=== THE DATA ===

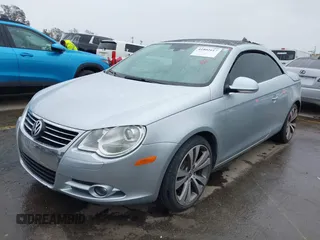 2008 Volkswagen Eos 3.2L with VIN WVWDB71F08V036745, listed as a IAAI auction lot 41802617 with 60,132 mi miles and . Bid and sale history available at DreamBid. Image 2.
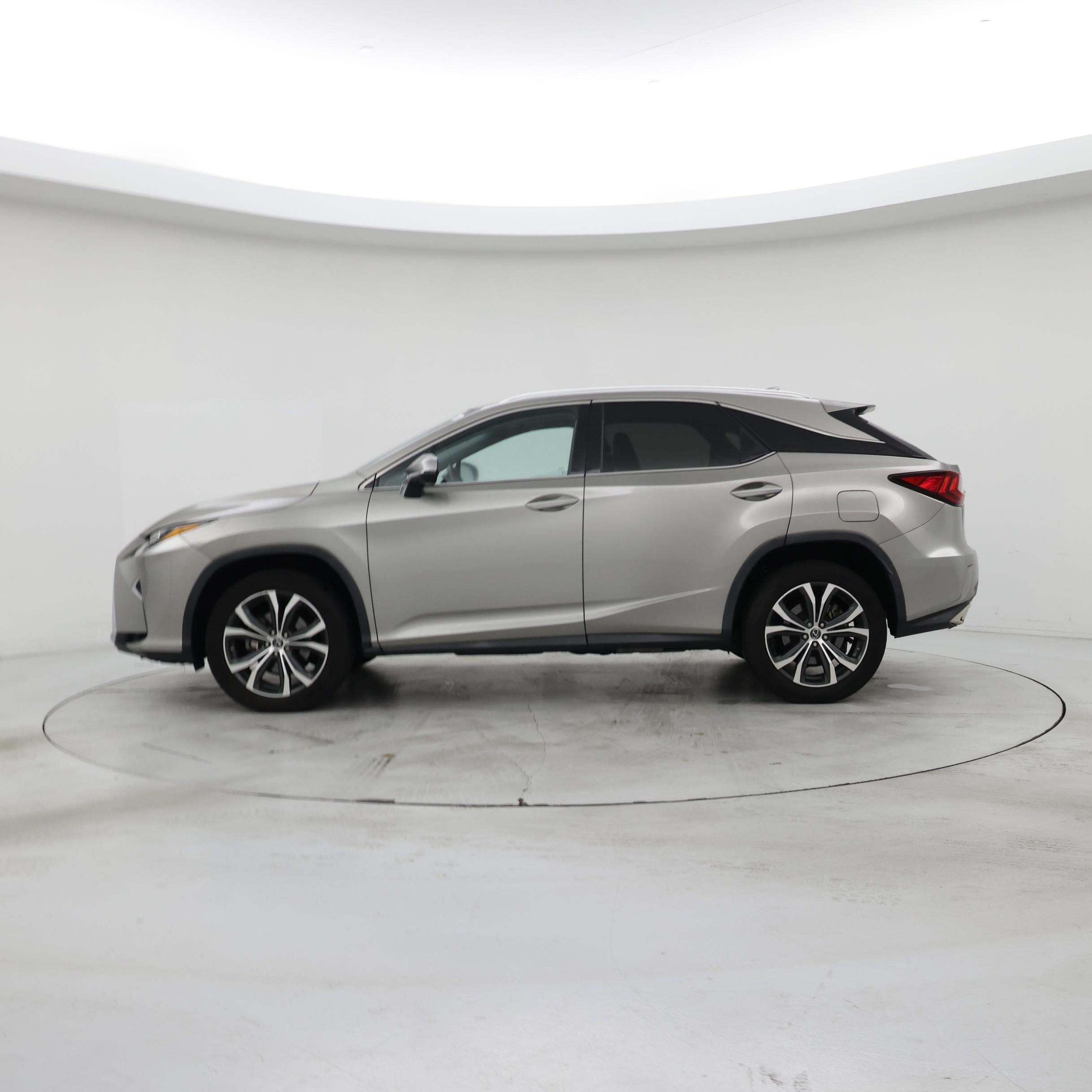 Thumbnail: 2019 Lexus RX - 3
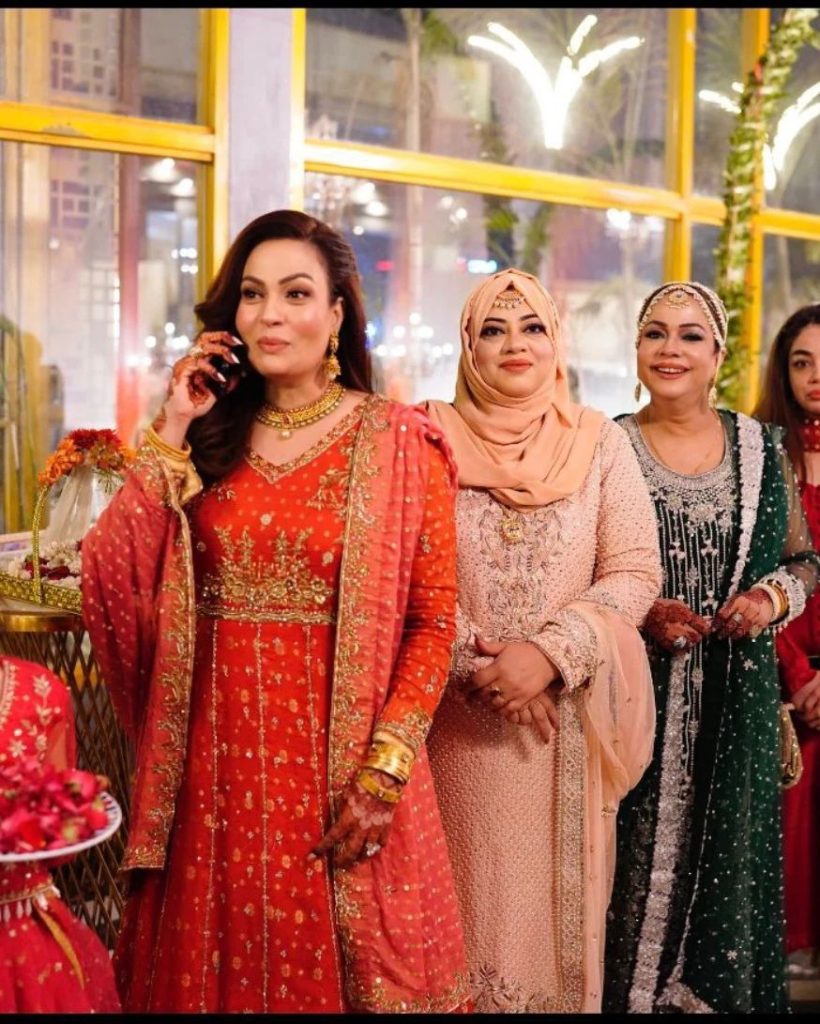 Sadia Imam's New Family Pictures From Niece's Barat Event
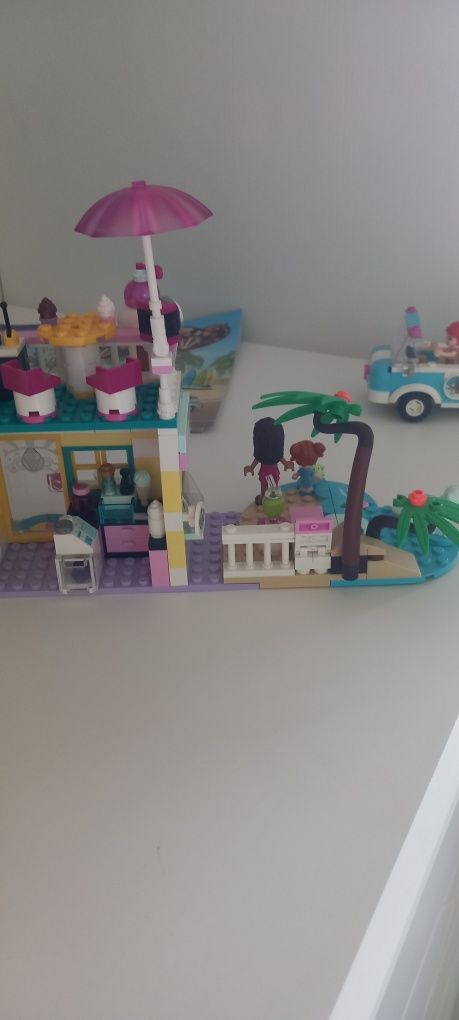 Klocki LEGO Friends Nabrzeże surferów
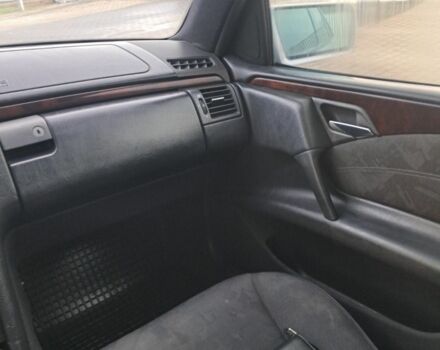 Сірий Мерседес Е-Клас, об'ємом двигуна 3 л та пробігом 270 тис. км за 2100 $, фото 14 на Automoto.ua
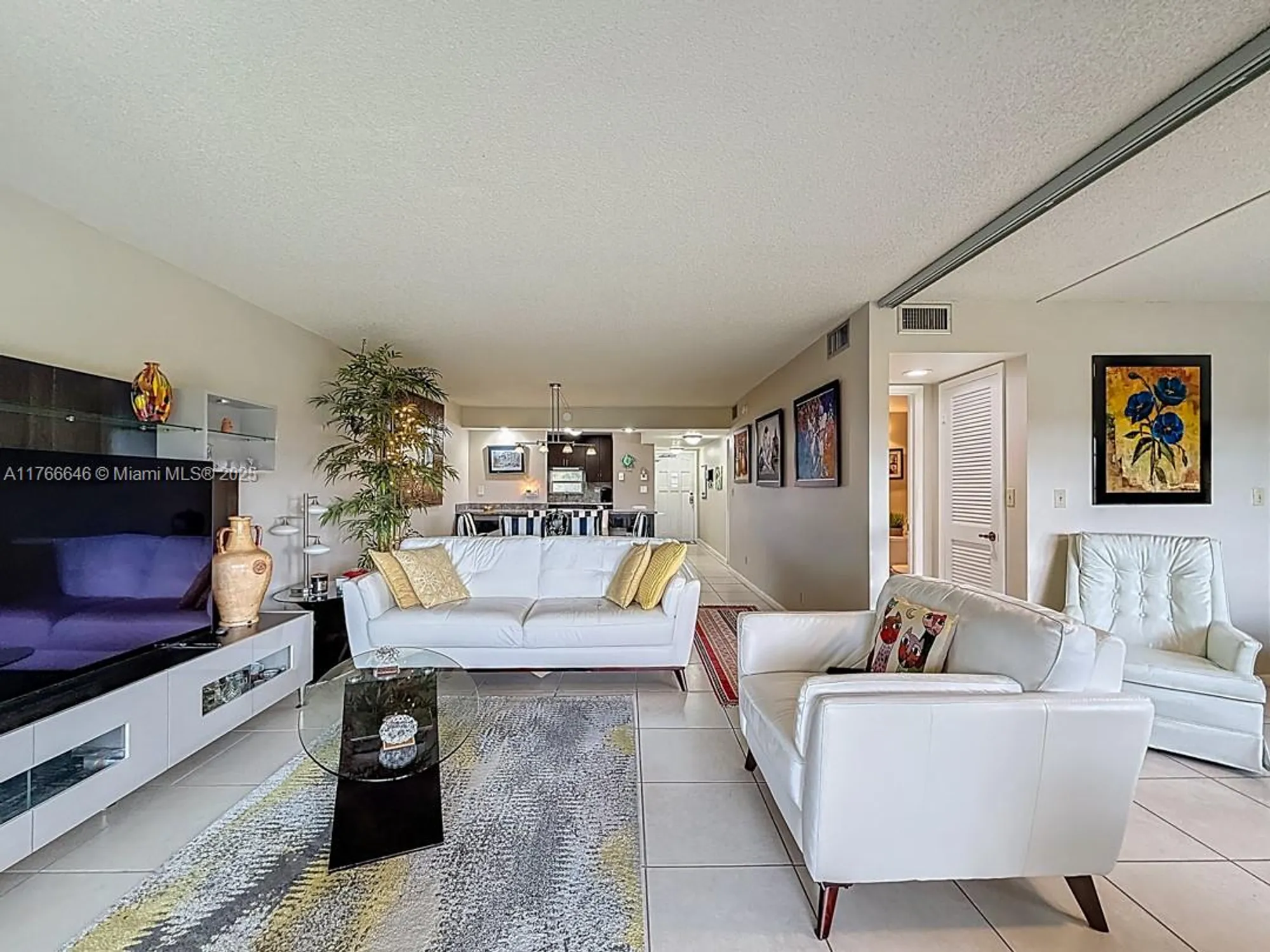 Property Slideshow image 3 of 38 | 9411 n hollybrook lake dr 304, Pembroke Pines, FL, 33025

=== PROBLEM TO WORK ON ===
With the pictures left out, please output each line from the one containing "Сірий Мерседес Е-Клас, об'ємом" through the end of the entries, exactly as it is.

=== ANSWER TO THE EXERCISE ===
 Сірий Мерседес Е-Клас, об'ємом двигуна 3 л та пробігом 270 тис. км за 2100 $, фото 14 на Automoto.ua
 Property Slideshow image 3 of 38 | 9411 n hollybrook lake dr 304, Pembroke Pines, FL, 33025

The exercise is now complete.